Only one stretch of the listing below is wanted. Begin at the line that has "Cinema Lighting, Perfect", stop after the line that has "Draw Alive: a", and repeat every line in between exactly.

[Information supplied]

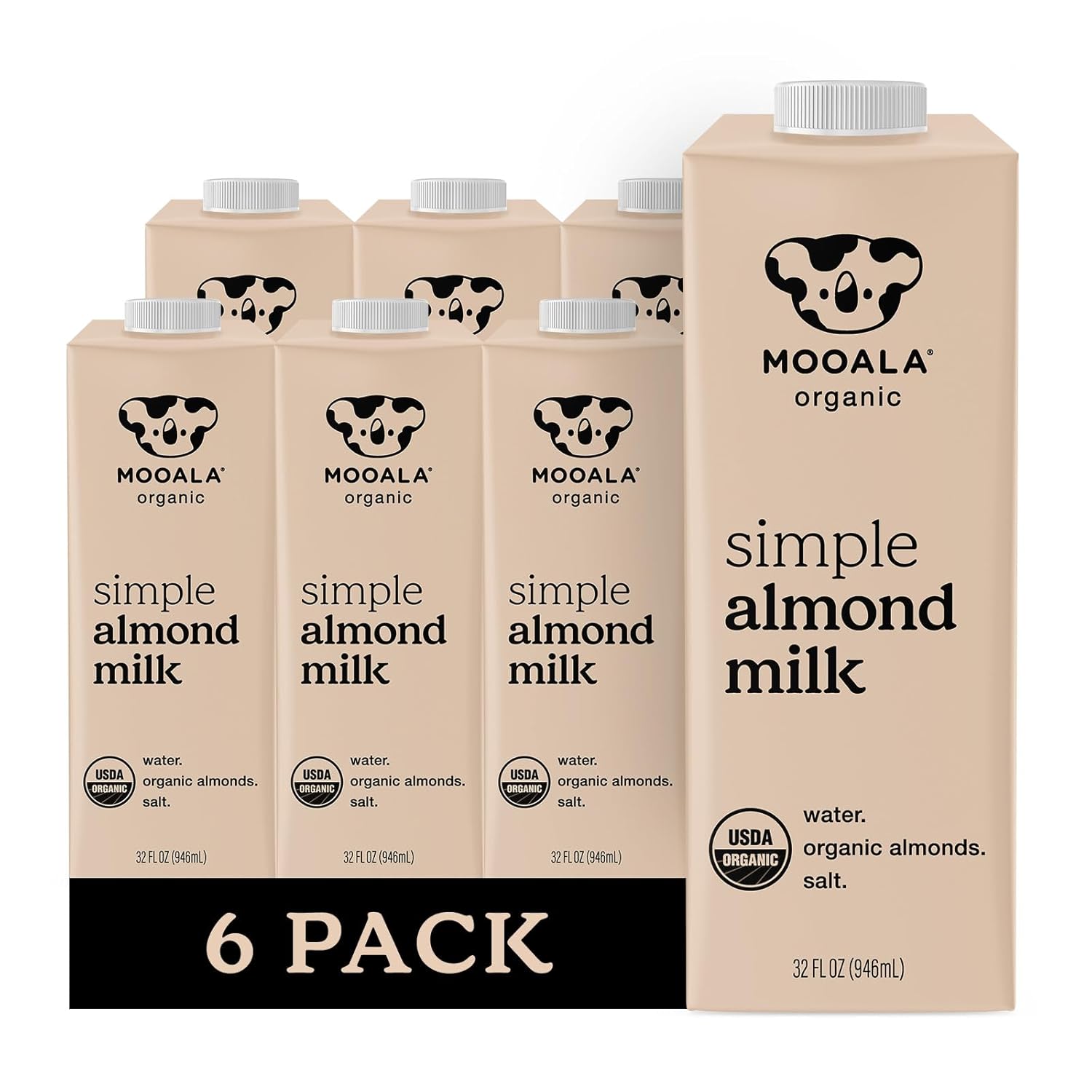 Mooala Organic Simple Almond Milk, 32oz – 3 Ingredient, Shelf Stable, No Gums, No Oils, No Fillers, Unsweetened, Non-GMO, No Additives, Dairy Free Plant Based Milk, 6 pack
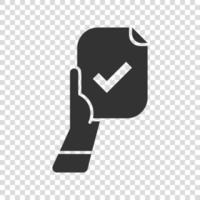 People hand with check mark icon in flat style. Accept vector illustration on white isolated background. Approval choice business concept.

[/Information supplied]
[Information supplied]

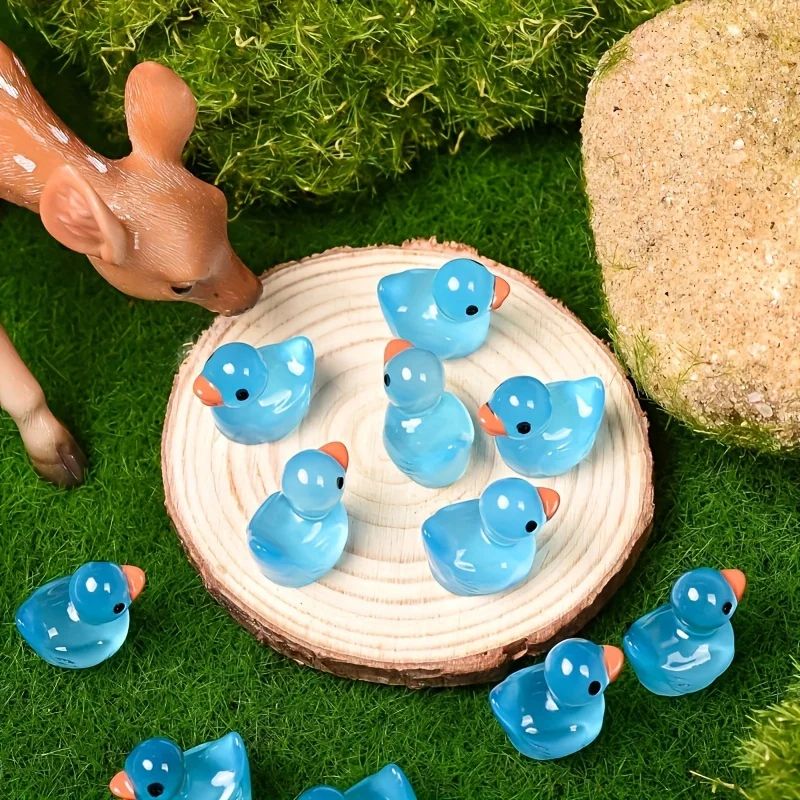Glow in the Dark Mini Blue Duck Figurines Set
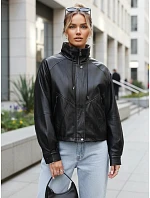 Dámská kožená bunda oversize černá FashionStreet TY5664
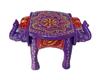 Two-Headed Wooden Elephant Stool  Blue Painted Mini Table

[/Information supplied]
[Information supplied]

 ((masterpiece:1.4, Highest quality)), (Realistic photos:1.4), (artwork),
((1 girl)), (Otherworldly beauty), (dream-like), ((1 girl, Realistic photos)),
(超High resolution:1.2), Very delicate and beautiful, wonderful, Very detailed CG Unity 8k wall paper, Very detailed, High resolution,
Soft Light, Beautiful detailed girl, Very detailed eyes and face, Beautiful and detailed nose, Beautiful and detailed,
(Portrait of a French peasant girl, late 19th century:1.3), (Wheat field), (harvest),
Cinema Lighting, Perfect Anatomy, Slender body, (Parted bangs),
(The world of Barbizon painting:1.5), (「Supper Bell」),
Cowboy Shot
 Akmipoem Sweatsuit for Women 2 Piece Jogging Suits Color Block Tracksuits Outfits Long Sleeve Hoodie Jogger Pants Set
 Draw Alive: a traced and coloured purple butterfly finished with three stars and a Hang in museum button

[/Information supplied]

### Response box
Cinema Lighting, Perfect Anatomy, Slender body, (Parted bangs),
(The world of Barbizon painting:1.5), (「Supper Bell」),
Cowboy Shot
 Akmipoem Sweatsuit for Women 2 Piece Jogging Suits Color Block Tracksuits Outfits Long Sleeve Hoodie Jogger Pants Set
 Draw Alive: a traced and coloured purple butterfly finished with three stars and a Hang in museum button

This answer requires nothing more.